Opinion
477 MDA 2024 J-A23026-24
10-30-2024
NON-PRECEDENTIAL DECISION - SEE SUPERIOR COURT O.P. 65.37
Appeal from the Judgment of Sentence Entered February 15, 2024 In the Court of Common Pleas of Lackawanna County Criminal Division at No(s): CP-35-CR-0000510-2022
BEFORE: BOWES, J., OLSON, J., and STABILE, J.
MEMORANDUM
OLSON, J.
Appellant, Joshua Torres-Castro, appeals from the judgment of sentence entered February 15, 2024, as made final by the denial of his post-sentence motion on February 28, 2024. In this direct appeal, Appellant's counsel has filed both a petition for leave to withdraw as counsel and an accompanying brief pursuant to Anders v. California, 386 U.S. 738 (1967) and Commonwealth v. Santiago, 978 A.2d 349 (Pa. 2009). We conclude that Appellant's counsel has complied with the procedural requirements necessary to withdraw. Moreover, after independently reviewing the record, we conclude that the instant appeal is wholly frivolous. Therefore, we grant counsel's petition for leave to withdraw and affirm Appellant's judgment of sentence.
The trial court summarized the relevant facts and procedural history of this case as follows.
On June 16, 2023, [Appellant] pled guilty to two counts of indecent assault without consent. These charges arose between January 1, 2006 and December 31, 2014, when [Appellant], who was the boyfriend of the mother of the two minor victims and who lived with them, touched intimate areas of the girls' bodies for the purpose of sexual arousal. He committed these crimes over a period of years. Sentencing was scheduled for December 5, 2023, but on the day of sentencing, [Appellant] indicated that he wanted to withdraw his plea. On December 8, 2023, [Appellant] filed a motion to withdraw his plea. [After conducting a hearing, the trial court ultimately] entered an order [on January 24, 2024] denying the motion.

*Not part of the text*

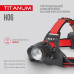 Ліхтарик налобний Titanum TLF-H06 800Lm 6500K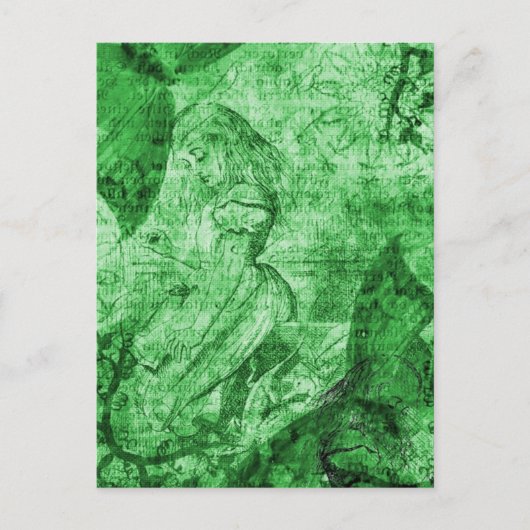 Alice Postkarte (Vorderseite)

On February 15, 2024, [Appellant appeared for sentencing. At the outset of the hearing, Appellant] stipulated to his designation as a sexually violent predator [pursuant to the Sexual Offenders Registration and Notification Act ("SORNA")]. Thereafter, o]ne of the victims testified to the effects that [Appellant's] actions had on her over the years, including her inability to trust adults after the person whom she thought of as a father figure and whom she thought she could trust most, failed to protect her and caused her harm. … [Ultimately, the court sentenced Appellant to] one to two years[' incarceration] on each count of indecent assault, and [ordered] the sentences [to run] consecutive[ly]. Hence, the trial court sentenced Appellant to an aggregate term of two to four years' incarceration. In addition, [t]he court [ordered Appellant to submit to SORNA's lifetime registration requirements and further directed Appellant] to participate in counseling under SORNA[,] to pay the cost of prosecution and to have no contact with the victims.
On February 21, 2024, [Appellant] filed a motion for reconsideration of sentence, and on February 28, 2024, [the] motion was denied. [This timely appeal followed.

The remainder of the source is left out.